Gli oceani, fonte preziosa di informazioni

Ma lo studio del clima e dei cambiamenti climatici non può prescindere dalla conoscenza dei processi che avvengono negli oceani e che influenzano e determinano il clima del pianeta. Gli oceani non sono mai fermi ma, al contrario, come per un enorme sistema cardiocircolatorio, sono solcati da inarrestabili enormi fiumi di acque che – a tutte le profondità – mescolano e trasportano calore, ossigeno, nutrienti, inquinanti e organismi.

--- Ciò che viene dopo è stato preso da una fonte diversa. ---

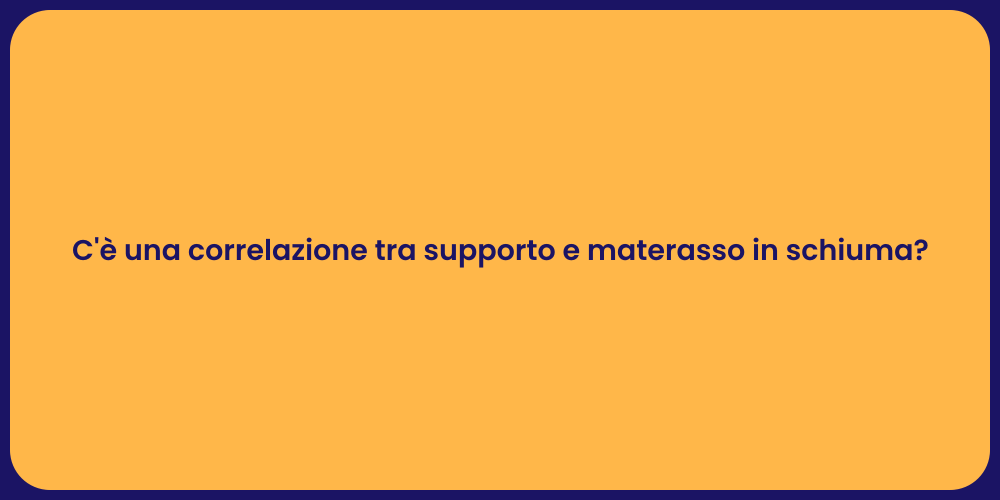 C'è una correlazione tra supporto e materasso in schiuma?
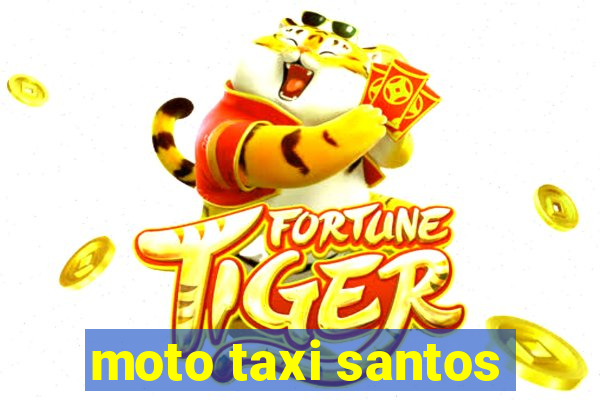 moto taxi santos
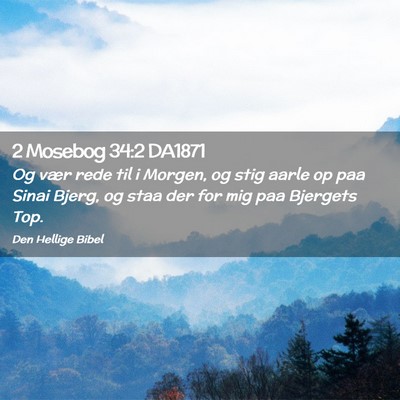 Picture 02 - 2 Mosebog 34:2 DA1871 - Og vær rede til i Morgen, og stig aarle op paa - Bible Verse Picture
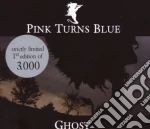 Pink Turns Blue - Ghost cd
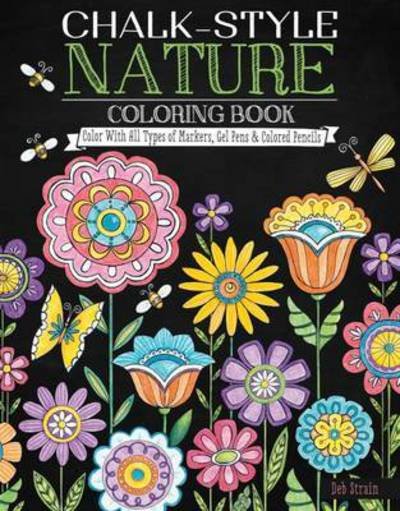 Cover for Deb Strain · Chalk-Style Nature Coloring Book: Color with All Types of Markers, Gel Pens &amp; Colored Pencils - Chalk-Style (Paperback Book) (2016)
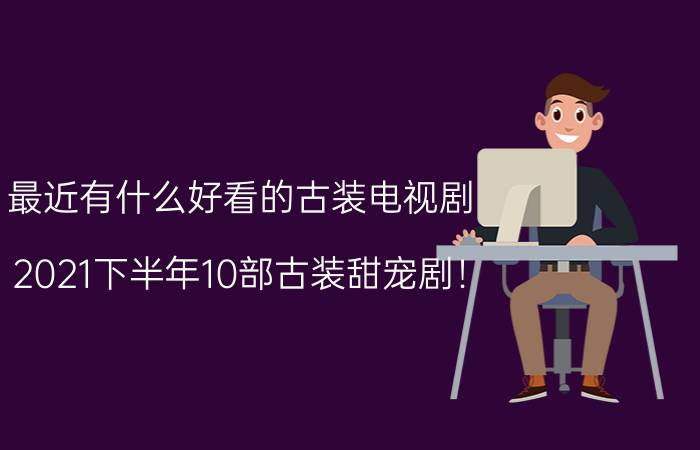 最近有什么好看的古装电视剧,2021下半年10部古装甜宠剧！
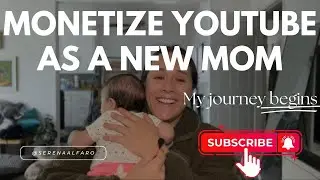 How I’m Starting My YouTube Journey as a New Mom | Monetize and Balance Life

La circolazione marina influenza profondamente non solo gli organismi marini e i loro habitat, ma anche il clima della Terra e quindi tutti gli habitat terrestri. Le acque superficiali sono tipicamente più calde e meno dense e galleggiano al di sopra di acque più dense, a meno che il vento o le condizioni meteo marine rimescolino la colonna d’acqua. Un tale tipo di colonna d’acqua è detto stabile, ma la stabilità dipende dalla differenza di densità tra i vari strati. Se le acque superficiali sono solo leggermente meno dense di quelle sottostanti, sarà necessaria poca energia per rimescolare i due strati e la colonna, quindi, avrà una bassa stabilità. Al contrario, se una colonna d’acqua è molto stabile, avrà una differenza di densità molto ampia tra i due strati e richiederà quindi molta più energia per il suo rimescolamento. Talvolta, la colonna d’acqua diventa instabile e le acque superficiali diventano più dense di quelle sottostanti; quando ciò avviene, le masse d’acqua superficiali sprofondano (downwelling) mescolandosi a quelle profonde durante il processo di inabissamento. L’intero processo, anche detto overturn, dà luogo alla formazione di celle convettive. Una volta che l’acqua superficiale è sprofondata, la sua salinità e temperatura non cambia; a partire da questo momento, la massa d’acqua conserva una propria “impronta digitale”, una combinazione caratteristica di temperatura e salinità, che gli oceanografi possono utilizzare per seguirne i movimenti ovvero mappare la circolazione delle masse d’acqua su grandi distanze. Poiché questo tipo di circolazione è dovuta a cambiamenti di densità, che a loro volta sono legati a variazioni di temperatura e salinità, si usa spesso definirla con il nome di circolazione termoalina. Una volta abbandonata la superficie, le masse d’acqua sprofondano fino a una quota determinata dalla loro densità. Le acque a densità intermedia scendono fino a una data profondità, dove sono leggermente più dense delle superiori ma leggermente meno di quelle sottostanti. Per inabissarsi fino al fondo, le masse d’acque devono diventare molto dense, cioè molto fredde e salate.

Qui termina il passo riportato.